A great piece on drug dogs out of Charleston, NC
“Teenagers shuffle into their classrooms after an announcement tells them they are not allowed in the hallways at Riverside High School. Once all students are safely tucked away, a German shepherd named Nitro heads through the hallways with Kanawha County Sheriff’s Deputy C.M. Morgan in tow. It is a typical day for Nitro and DEA, the two drug dogs that are at the school.
Their jobs are to sniff out any drugs students may have brought to school and hidden in their lockers. On a Thursday morning, Nitro eagerly walked down Riverside’s hallway with his tail wagging. He walked through the quarter mile of hallway to begin his search at the end of the school building. During this walk, he takes a general sniff, getting an idea of which lockers smell suspicious, said his handler Deputy C.M. Morgan.

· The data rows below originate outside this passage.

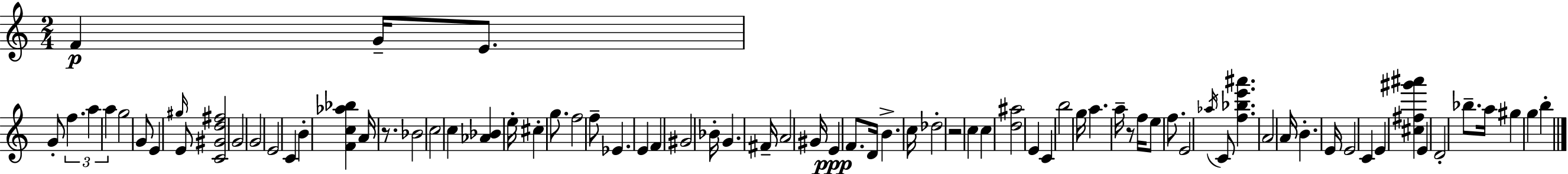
X:1
T:Untitled
M:2/4
L:1/4
K:C
F G/4 E/2 G/2 f a a g2 G/2 E ^g/4 E/2 [C^Gd^f]2 G2 G2 E2 C B [Fc_a_b] A/4 z/2 _B2 c2 c [_A_B] e/4 ^c g/2 f2 f/2 _E E F ^G2 _B/4 G ^F/4 A2 ^G/4 E F/2 D/4 B c/4 _d2 z2 c c [d^a]2 E C b2 g/4 a a/4 z/2 f/4 e/2 f/2 E2 _a/4 C/2 [f_be'^a'] A2 A/4 B E/4 E2 C E [^c^f^g'^a'] E D2 _b/2 a/4 ^g g b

At one point through the walk, Nitro’s head jerks. It’s a sign that there are probably drugs somewhere in the vicinity. “He knows the odor is there,” Morgan said. “It’s hard to tell what we’ll find there.” The officer and dog don’t stop, but continue to the end of the hallway. When Nitro reaches the area again during a thorough search, he will probably give his signal for drugs. Morgan and Nitro reach the end of the hallway and begin their hunt.

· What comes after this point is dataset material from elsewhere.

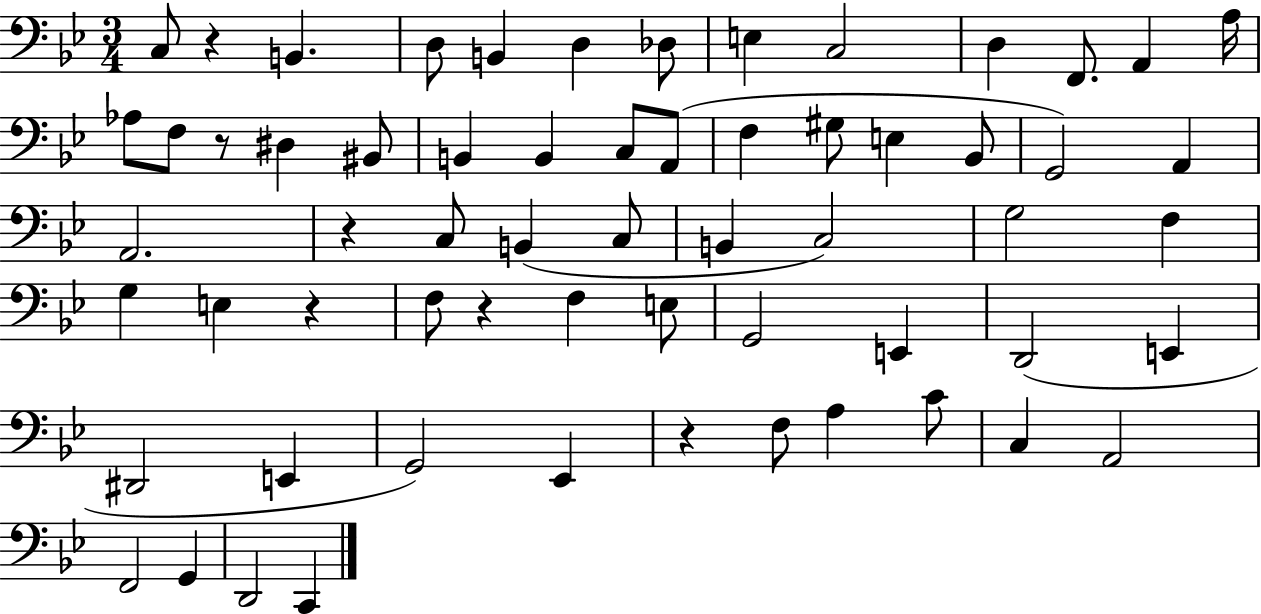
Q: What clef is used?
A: bass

“Find the birdie!” Morgan says in a playful voice to Nitro.
This is his sign to begin. Nitro and Morgan run up and down a row of lockers in a clockwise pattern, Nitro sniffing the whole time.

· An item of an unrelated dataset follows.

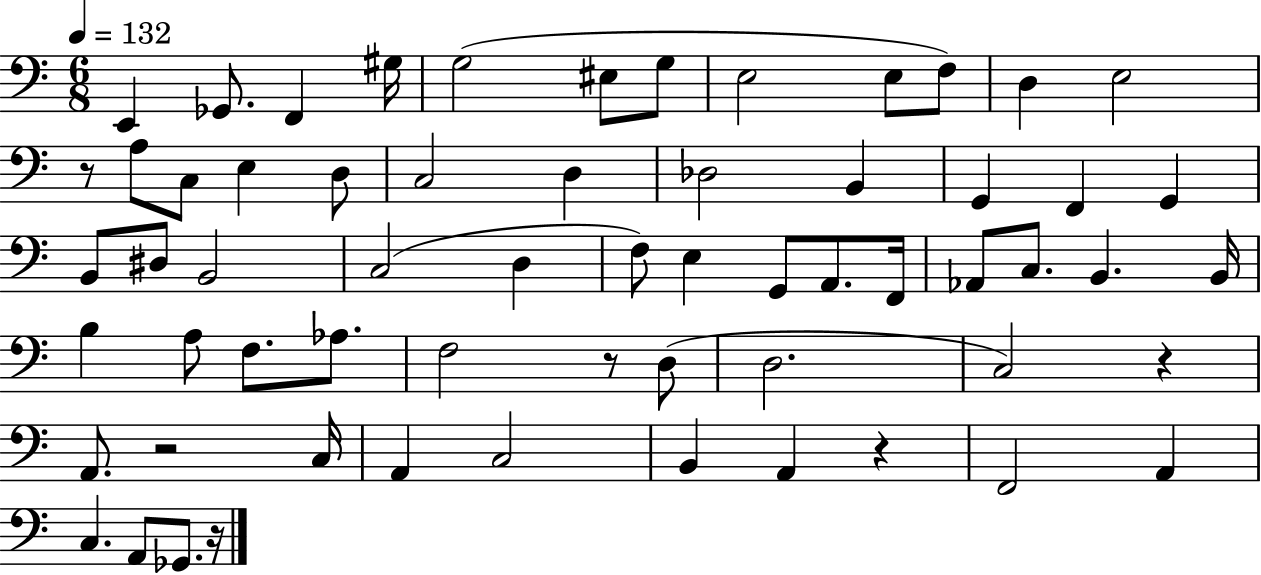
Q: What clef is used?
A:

He thinks of this as a sort of game. “It’s play time,” Morgan explained.
The dogs are trained with swatch cloths drenched in the smell of narcotics. They play fetch with the swatch cloths during training. When the dogs are out on an actual job, it is like they are searching for the swatch cloths.
Nitro makes it through a couple rows of lockers before he stops at a particular locker. He starts sniffing in fast breaths.
“Get it, get it!” Morgan says to Nitro in an excited voice. Nitro begins clawing at the locker.
School officials get a key to the locker. Inside, they find an empty box of Philly blunt cigars. Students will hollow them out and put marijuana inside, said David Stone, a teacher at the school.
Because the box is empty, though, school officials and police can do nothing about the find.”